The first big concern is "How will you use the flash?". What do you need it to do? For any time the light is dim or harsh of course, but there are several options, and so much that can be done. The question is: Will you? What features do you need?
Or for pictures of the kids with routine bounce flash at half power, flash duration speed would be maybe 1/1000 second.
Which is the reason camera flashes are called speedlights (can freeze very fast motion).
This was in normal daylight patio shade ambient (not bright, but far from dark). The big point here is that ISO 400, f/16, 0.8 second was insufficient exposure of the ambient light. That picture would be dark without the flash (so no motion blur is seen from the continuous dim ambient). But the flash was close, and bright, and very fast, and instantly froze the motion of the collapsing balloon and water.
The first main question will be about using Manual flash mode, or TTL flash mode? Many of us use both for different duties, and optimum would be a speedlight that can do both. But beginners with no flash experience absolutely need a flash that can do TTL for them.
And again, if you are trying to follow motion, like kids running around, or aiming at different kids at the party, you won't have much time to mess with adjusting manual flash for each picture. But once we verify TTL compensation once (in this situation), it easily and automatically adjusts for different variations in the same situation, for example like in same room. TTL becomes point&shoot flash, really handy.
We do have to sometimes tweak automatic TTL flash a bit too, but the difference is really just a matter of degree, and the initial starting point is already pretty close for TTL. Both Manual and TTL modes have advantages and disadvantages in their situations (fixed control vs. automatic point&shoot), so there are strong uses for both. Think a little, about what can actually help you. I mostly use manual flash in fixed studio situations, and TTL flash for most else (like fill flash in bright sun, or hot shoe TTL bounce flash indoors).
Terms: Note the term TTL has a few different meanings.
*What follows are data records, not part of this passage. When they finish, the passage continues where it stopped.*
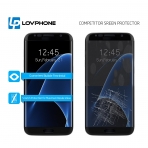 LOVPHONE Samsung Galaxy S7 Edge Temperli Cam Ekran Koruyucu-Black
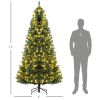 Prelit Christmas Tree Douglas Fir Artificial Christmas Tree with Realistic Branches, Warm White LED Lights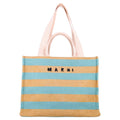 marni - marni embroidered raffia tote bag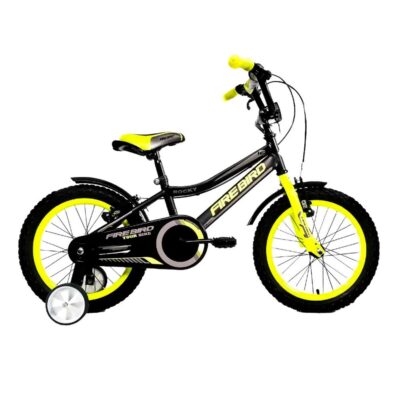 Bicicleta-para-niños-Fire-Bird-Rocky-con-rueditas-R16-Negra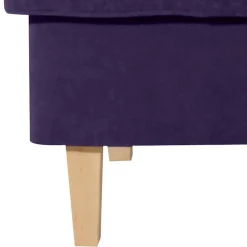 Wohnen Hocker<Polsterhocker in Violett Velours - Antonia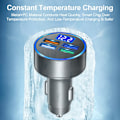 Miniatyrbild 8 av 10: Biloplader LED Digital Display 4USB 4USB 4USB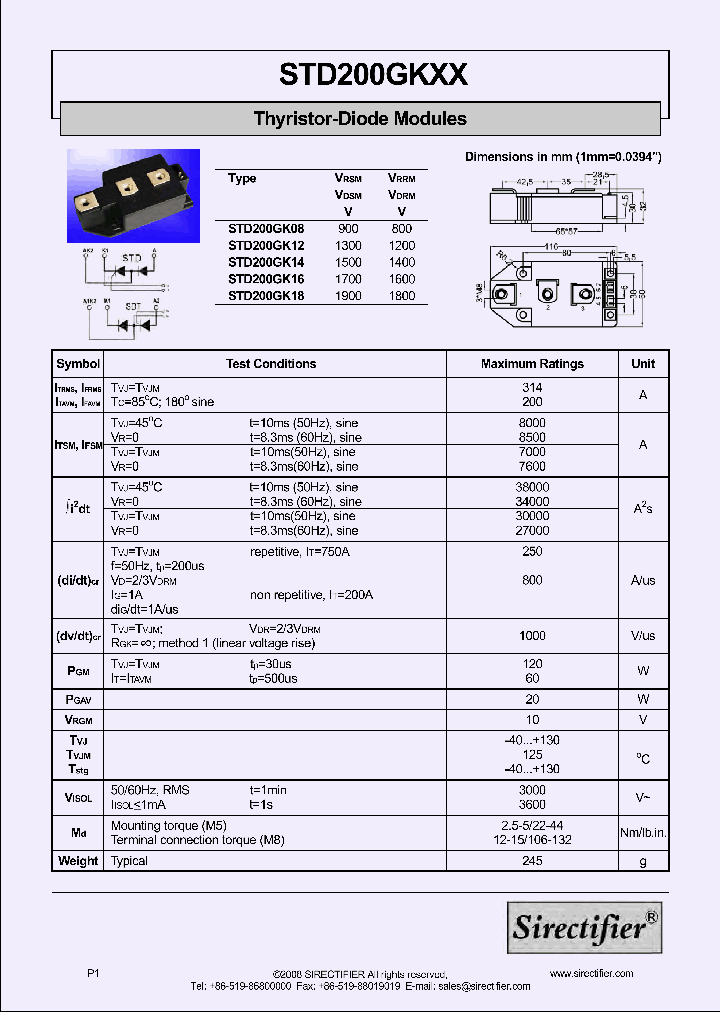 STD200GK12_8815730.PDF Datasheet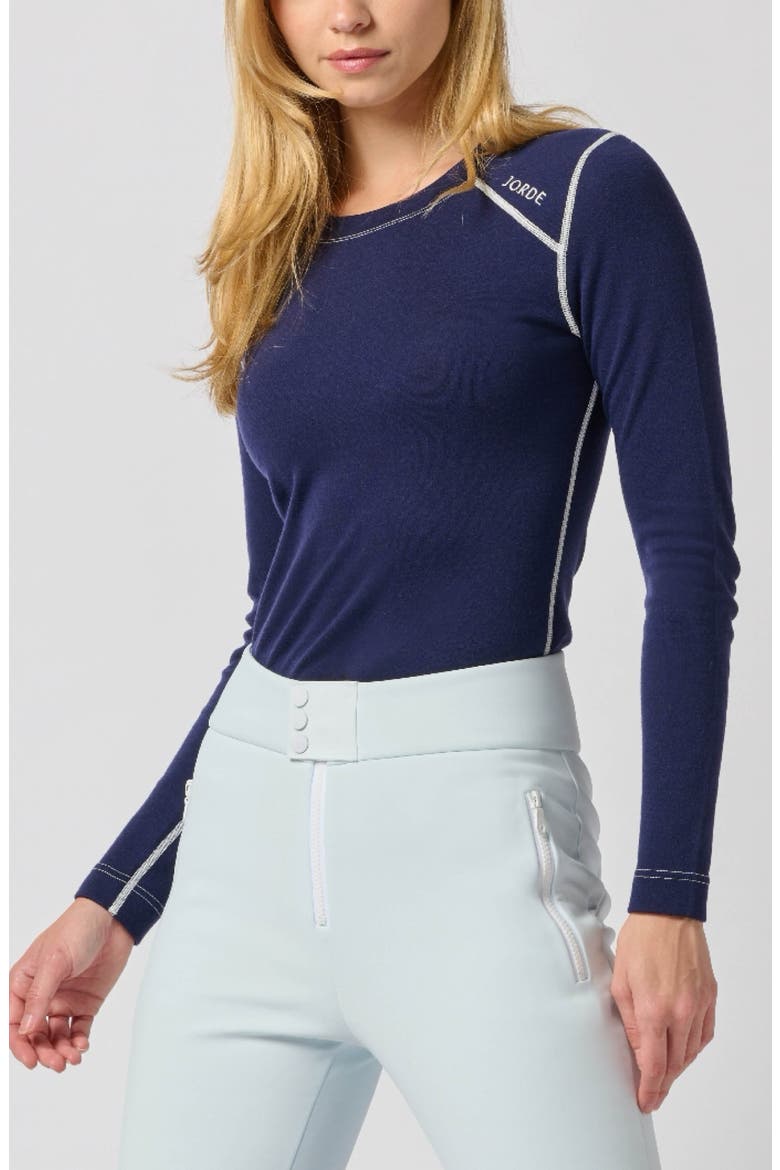 Zuri Merino Wool Baselayer, Main, color, INK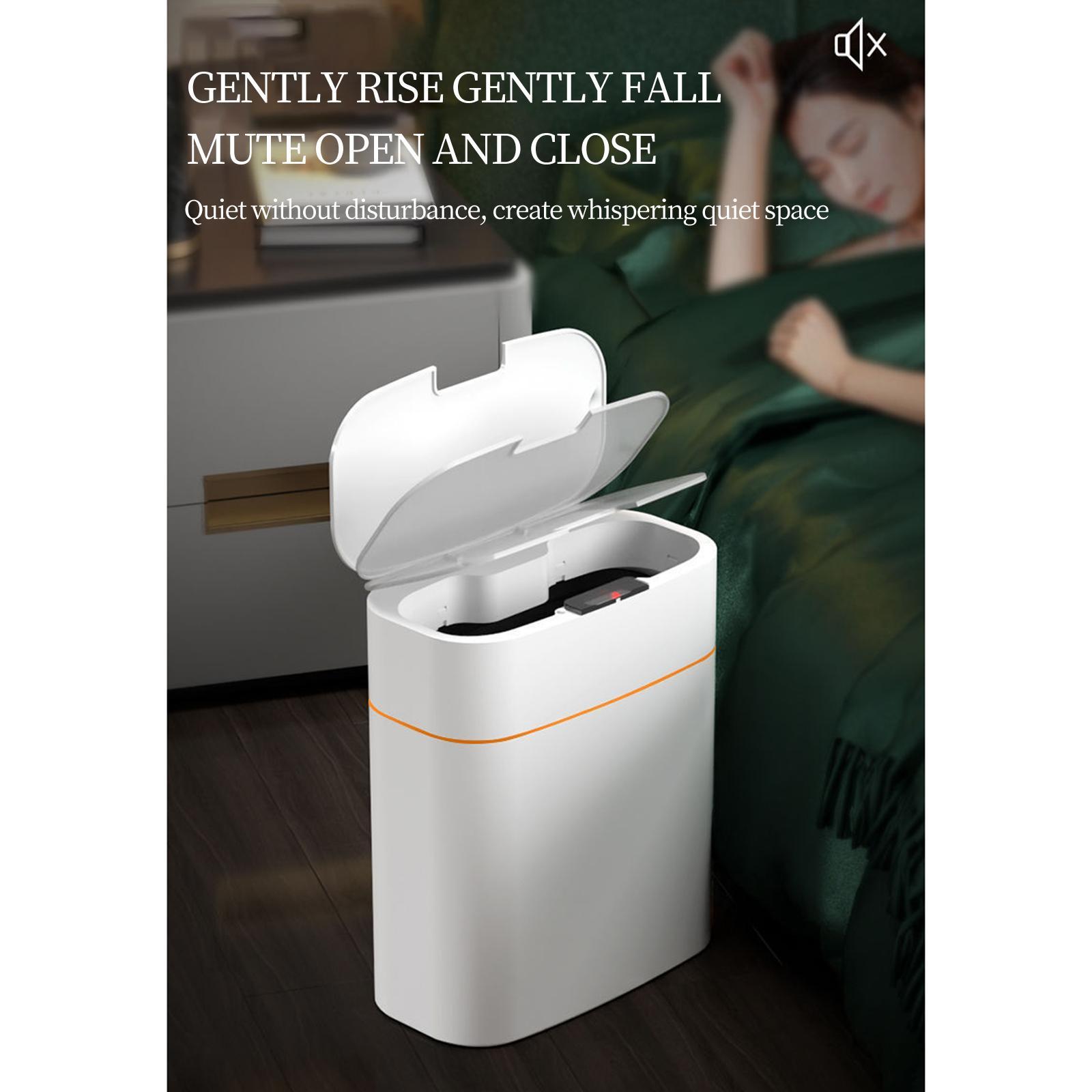 16L Intelligent Garbage Bin with Lid Large Capacity for Home Study Office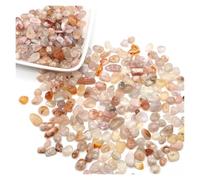 LTYKNGH Small Stones In The Fish Tank Stones Gravel Crystals Chip Quartz Minerals Reiki Healing Tumbled Agate Specimen Gemstones Home Aquarium Decor DIY Craft(Color8,50g)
We do say TTL generally (just meaning any automatic Through The Lens metering), but there are different designs, and for today's Nikon DSLR (those since 2003), we always specifically mean iTTL flash units (which we likely call TTL). The term TTL also specifically means older film TTL, no longer compatible. So "TTL" depends on the usage context, any general automatic Through The Lens metering, or specifically the old TTL version used with film cameras - or it may actually assume iTTL. The context generally defines it, and we get used to the confusion. :)
Broad generalities about some feature groups of camera speedlight flash models:
Flashes which can do TTL must be compatible with the camera system brand, specifically must specify iTTL for Nikon, or ETTL for Canon, etc (this compatibility is called brand dedication, dedicated to work with one camera system brand). TTL specifications must mention being dedicated to your camera brand (says "for Nikon", etc). Among other things, the hot shoe pins are different among brands.
Manual-mode-only flashes do not require brand dedication. These only use the center one pin shoe contact (same as PC sync cords and radio triggers are one pin), which provides only manual flash mode, and brand compatibility is not important then, so long as it fits into the hot shoe (Minolta and Sony use a different hot shoe, otherwise, hot shoes are standard for manual flash - or rather, standard enough for manual flash). However, if the manual flash zooms to follow the camera, it will specify some degree of brand compatibility, and communicates with camera in some degree.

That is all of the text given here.